> [TASK OBJECTIVE]: Pictures must not appear in the copy. Restate exactly the lines below from the one with "Hi guys, in" through the one with "Welcome to Digital", inclusive.

::: RECORDS SHOWN :::

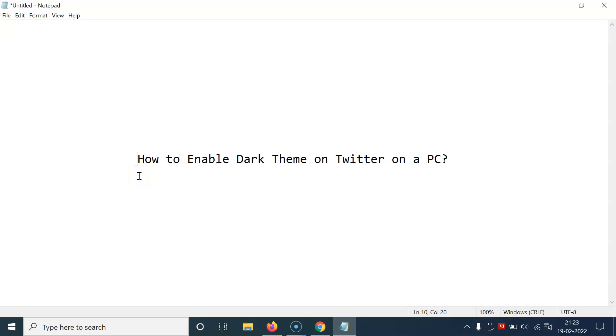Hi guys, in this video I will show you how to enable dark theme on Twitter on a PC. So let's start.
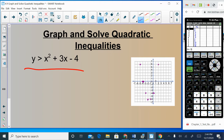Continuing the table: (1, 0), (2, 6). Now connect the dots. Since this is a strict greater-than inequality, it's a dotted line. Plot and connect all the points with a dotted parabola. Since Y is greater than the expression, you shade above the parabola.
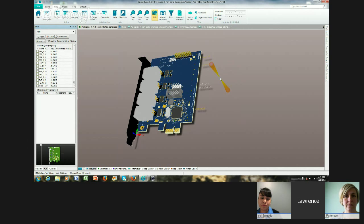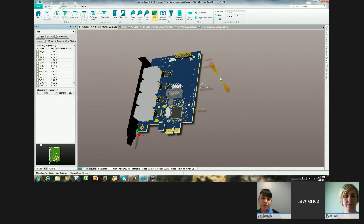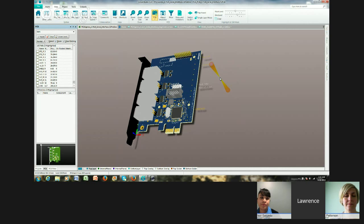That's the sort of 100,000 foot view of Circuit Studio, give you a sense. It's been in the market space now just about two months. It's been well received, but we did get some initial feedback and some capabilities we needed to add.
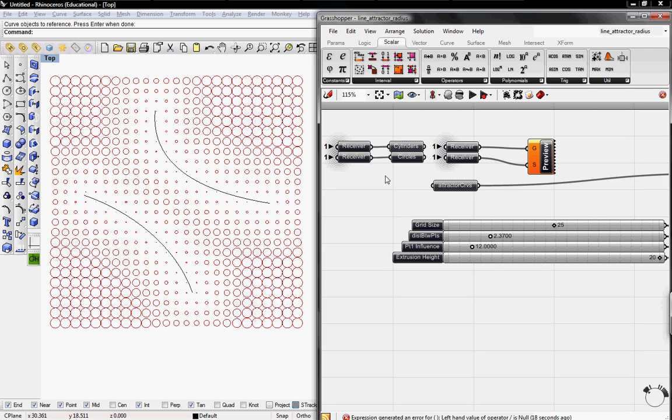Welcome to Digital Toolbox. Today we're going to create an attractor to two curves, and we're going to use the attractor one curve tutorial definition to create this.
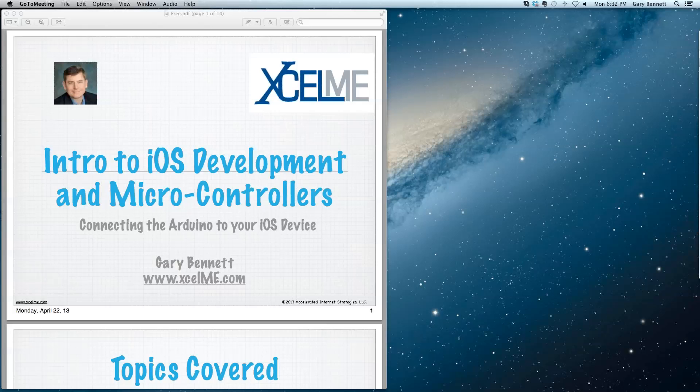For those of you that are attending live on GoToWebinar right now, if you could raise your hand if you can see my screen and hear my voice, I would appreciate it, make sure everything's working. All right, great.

:::
::: RECORDS SHOWN :::

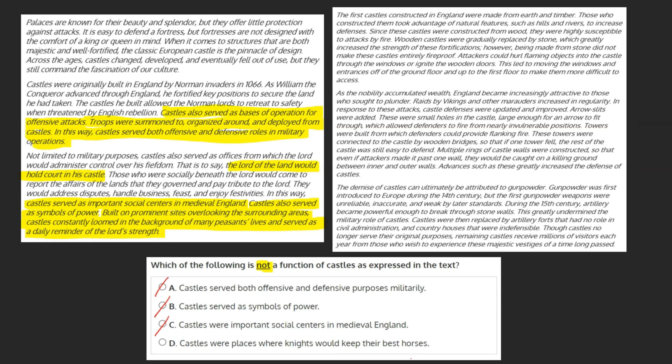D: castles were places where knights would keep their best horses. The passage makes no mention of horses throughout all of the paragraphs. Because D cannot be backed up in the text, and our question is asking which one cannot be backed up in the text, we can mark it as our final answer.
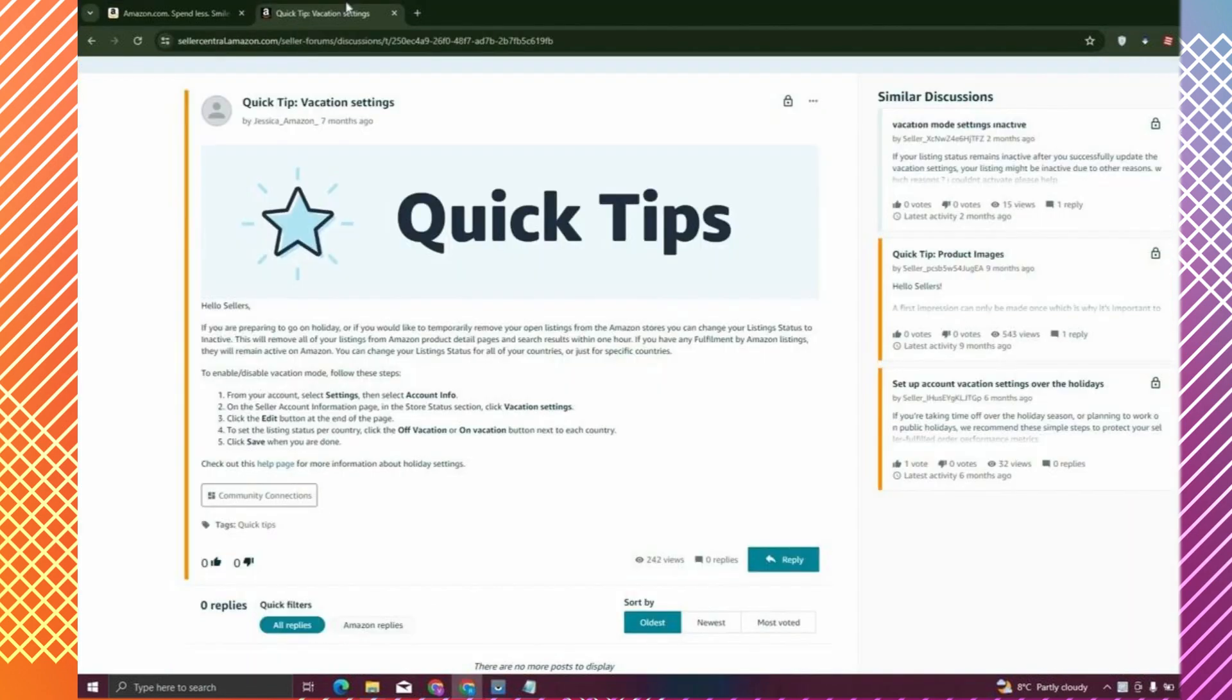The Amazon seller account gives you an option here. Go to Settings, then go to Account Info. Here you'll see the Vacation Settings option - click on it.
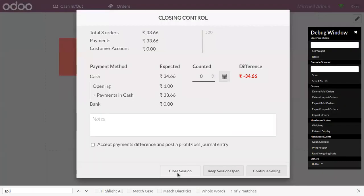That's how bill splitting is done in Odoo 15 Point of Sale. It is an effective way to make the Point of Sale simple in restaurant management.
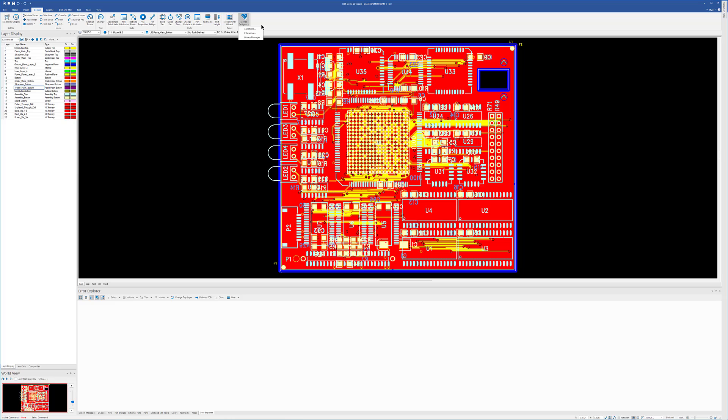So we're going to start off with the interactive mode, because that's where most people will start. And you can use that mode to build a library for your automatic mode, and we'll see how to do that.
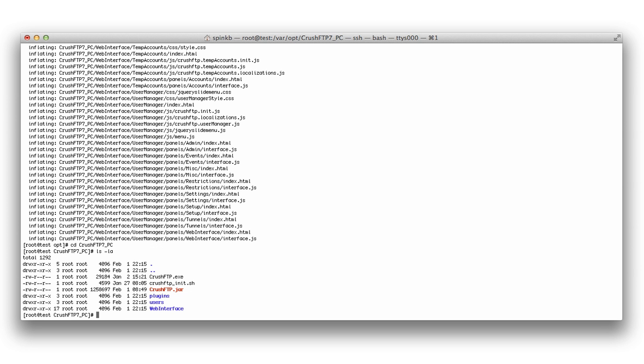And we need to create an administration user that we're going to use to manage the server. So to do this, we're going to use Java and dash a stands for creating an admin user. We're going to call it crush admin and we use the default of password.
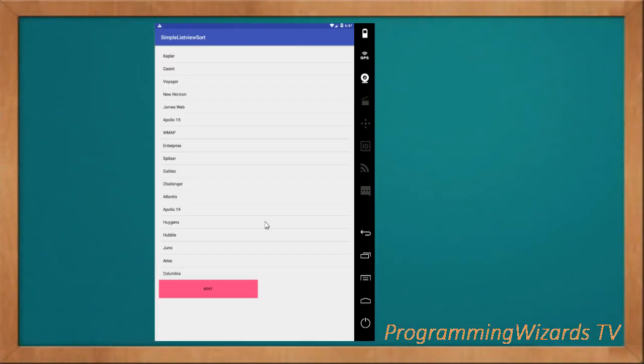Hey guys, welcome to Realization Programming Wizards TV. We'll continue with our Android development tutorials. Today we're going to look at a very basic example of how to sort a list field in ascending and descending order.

:::
::: RECORDS SHOWN :::

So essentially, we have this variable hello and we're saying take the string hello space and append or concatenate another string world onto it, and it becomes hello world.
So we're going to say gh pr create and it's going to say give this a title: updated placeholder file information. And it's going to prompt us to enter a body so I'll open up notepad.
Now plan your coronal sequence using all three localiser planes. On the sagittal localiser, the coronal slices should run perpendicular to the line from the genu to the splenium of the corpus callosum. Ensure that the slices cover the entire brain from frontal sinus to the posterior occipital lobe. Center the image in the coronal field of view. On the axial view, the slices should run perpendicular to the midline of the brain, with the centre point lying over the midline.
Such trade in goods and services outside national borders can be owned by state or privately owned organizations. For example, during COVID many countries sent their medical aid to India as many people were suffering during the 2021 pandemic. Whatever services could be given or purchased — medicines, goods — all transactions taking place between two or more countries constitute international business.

:::

> [ANSWER AREA]:
Hi guys, in this video I will show you how to enable dark theme on Twitter on a PC. So let's start.
Continuing the table: (1, 0), (2, 6). Now connect the dots. Since this is a strict greater-than inequality, it's a dotted line. Plot and connect all the points with a dotted parabola. Since Y is greater than the expression, you shade above the parabola.
That's the sort of 100,000 foot view of Circuit Studio, give you a sense. It's been in the market space now just about two months. It's been well received, but we did get some initial feedback and some capabilities we needed to add.
Welcome to Digital Toolbox. Today we're going to create an attractor to two curves, and we're going to use the attractor one curve tutorial definition to create this.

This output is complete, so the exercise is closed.